> **Web page caption snippets**
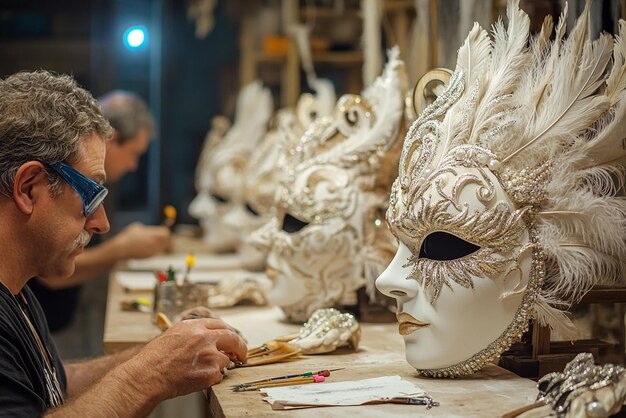 Photo quotbehindthescenes look at a mardi gras maskmaking workshopquot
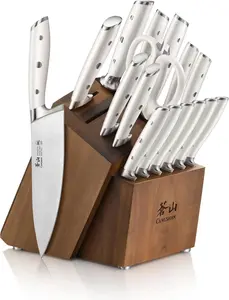 Alps Series German Steel Forged 17-Piece Knife Block Set, Acacia (White)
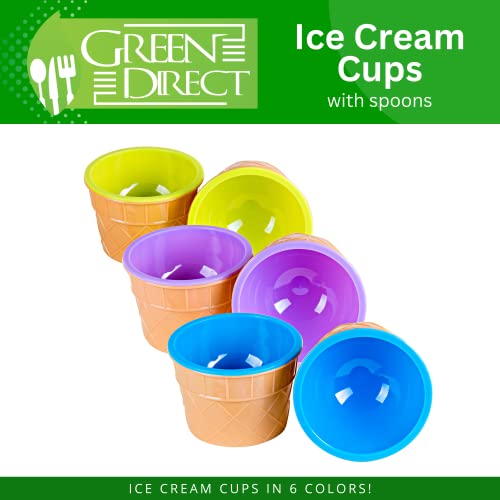 Green Direct Ice Cream Cups with Spoons/Large Plastic Dish with Spoon/Dessert Sundae Frozen Yogurt Bowls Icecream Cup Party Favors Dishes ice crem kits supplies for kids Set of 12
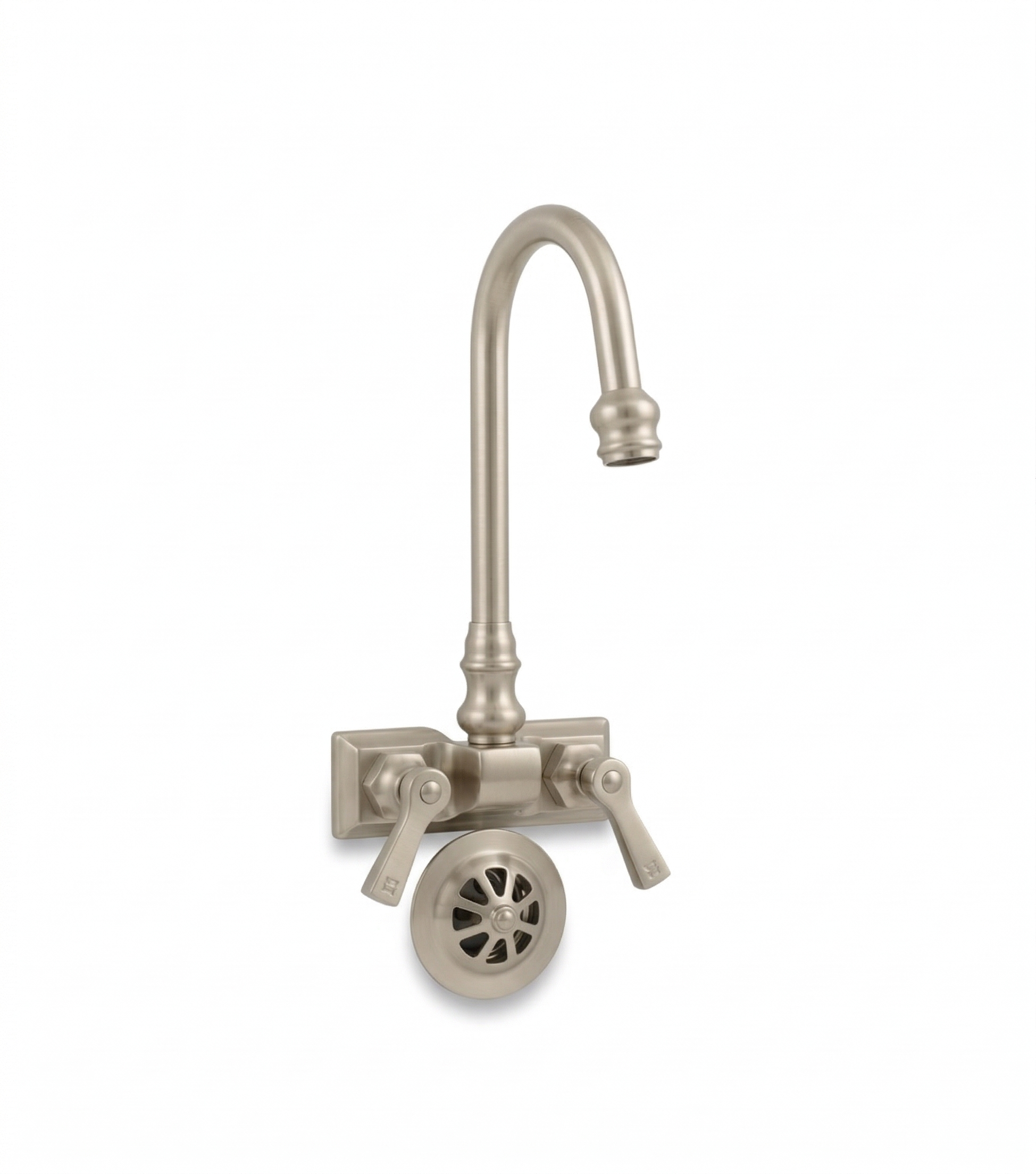 Rectangular Base Tub Faucet with Gooseneck Spout P0708 | Strom Living Matte Nickel - Tub Fillers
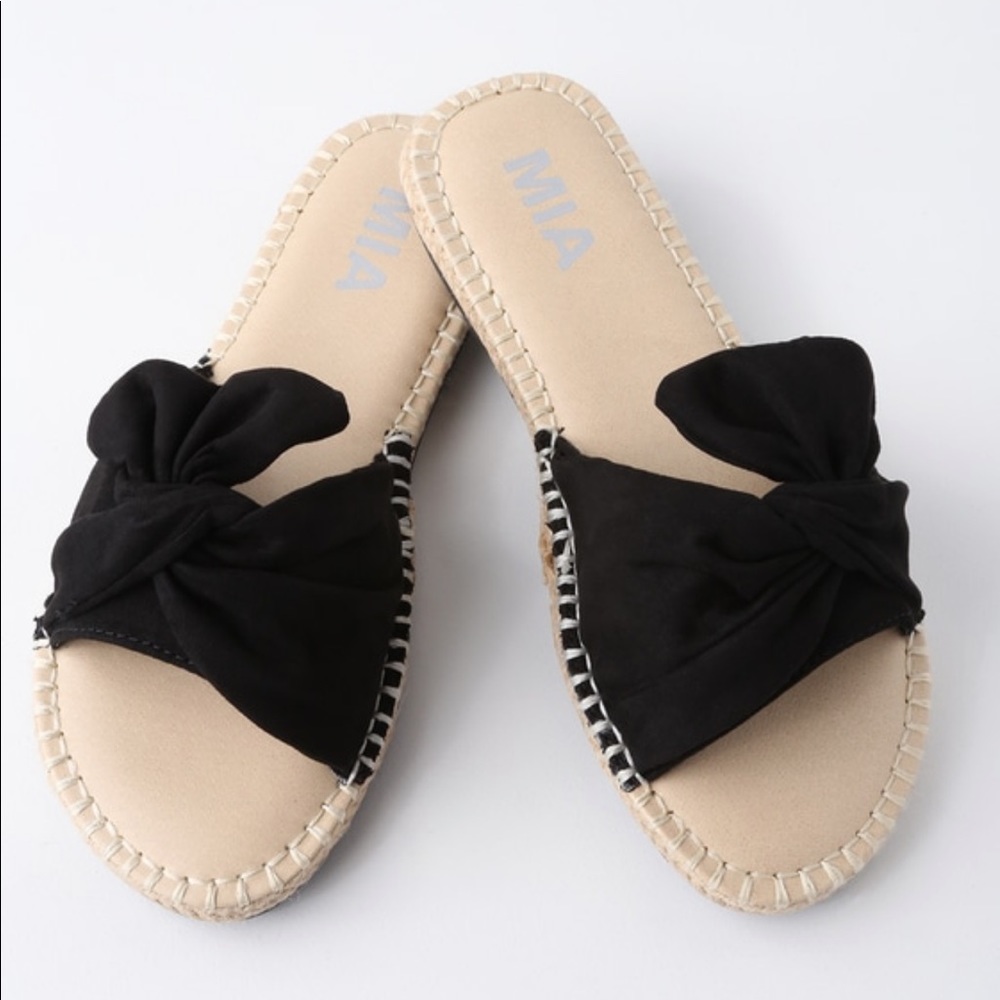 MAI KENSI BLACK SUEDE ESPADRILLE SLIDE SANDALS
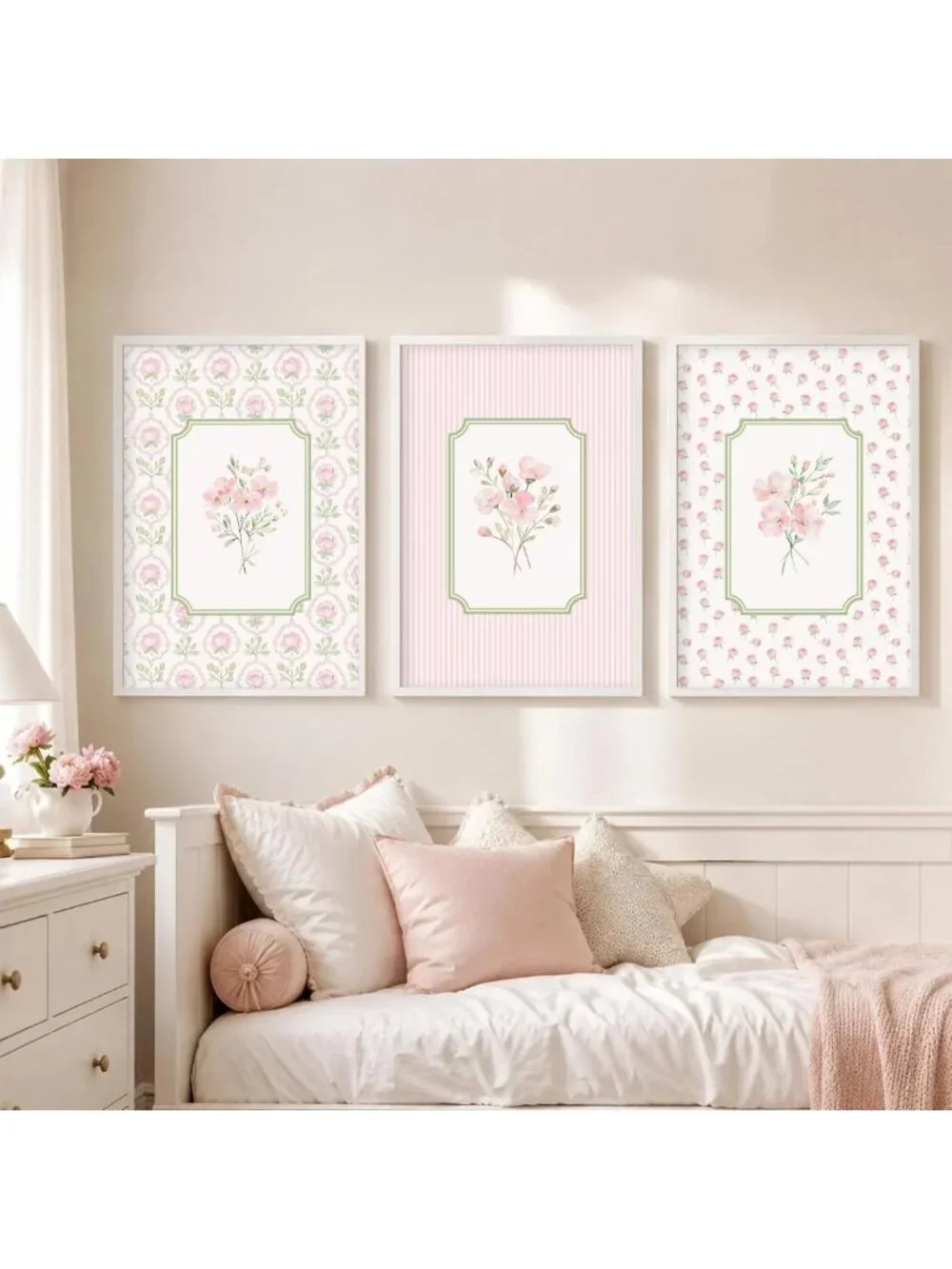 Pink Floral Nursery Wall Art Set - Watercolor Botanical Prints for Baby Girl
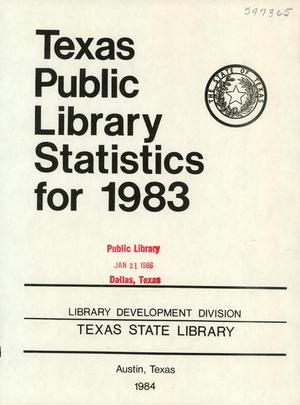 Primary view of object titled 'Texas Public Library Statistics for 1983'.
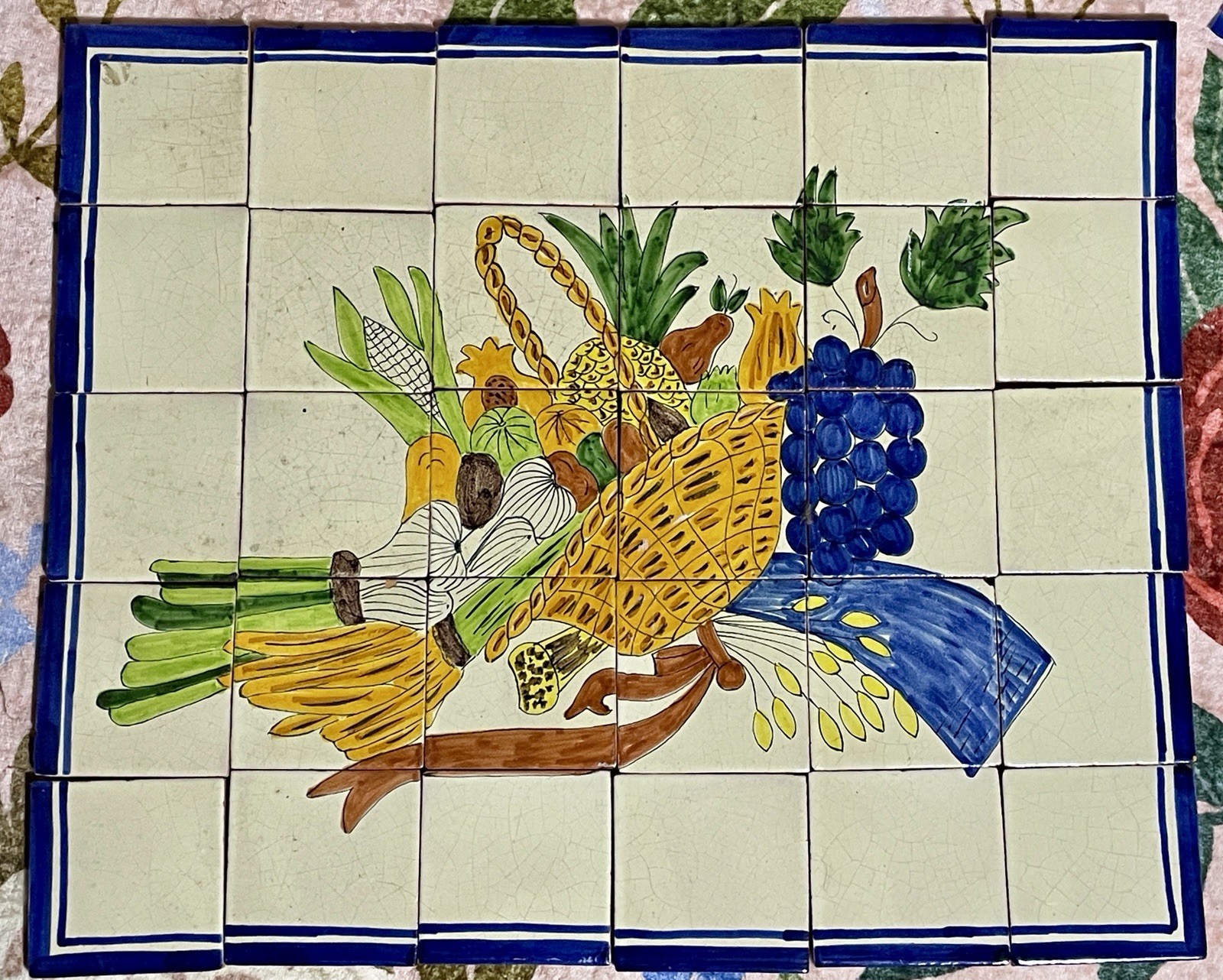 Vintage Mexican Talavera TILE MURAL Backsplash Fruit Basket 24”x20”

> **Directions**
Any pictures are to be skipped, and the lines from the beginning of the entries through the line with "Green Direct Ice" copied exactly.

> **Exercise solution**
 Photo quotbehindthescenes look at a mardi gras maskmaking workshopquot
 Alps Series German Steel Forged 17-Piece Knife Block Set, Acacia (White)
 Green Direct Ice Cream Cups with Spoons/Large Plastic Dish with Spoon/Dessert Sundae Frozen Yogurt Bowls Icecream Cup Party Favors Dishes ice crem kits supplies for kids Set of 12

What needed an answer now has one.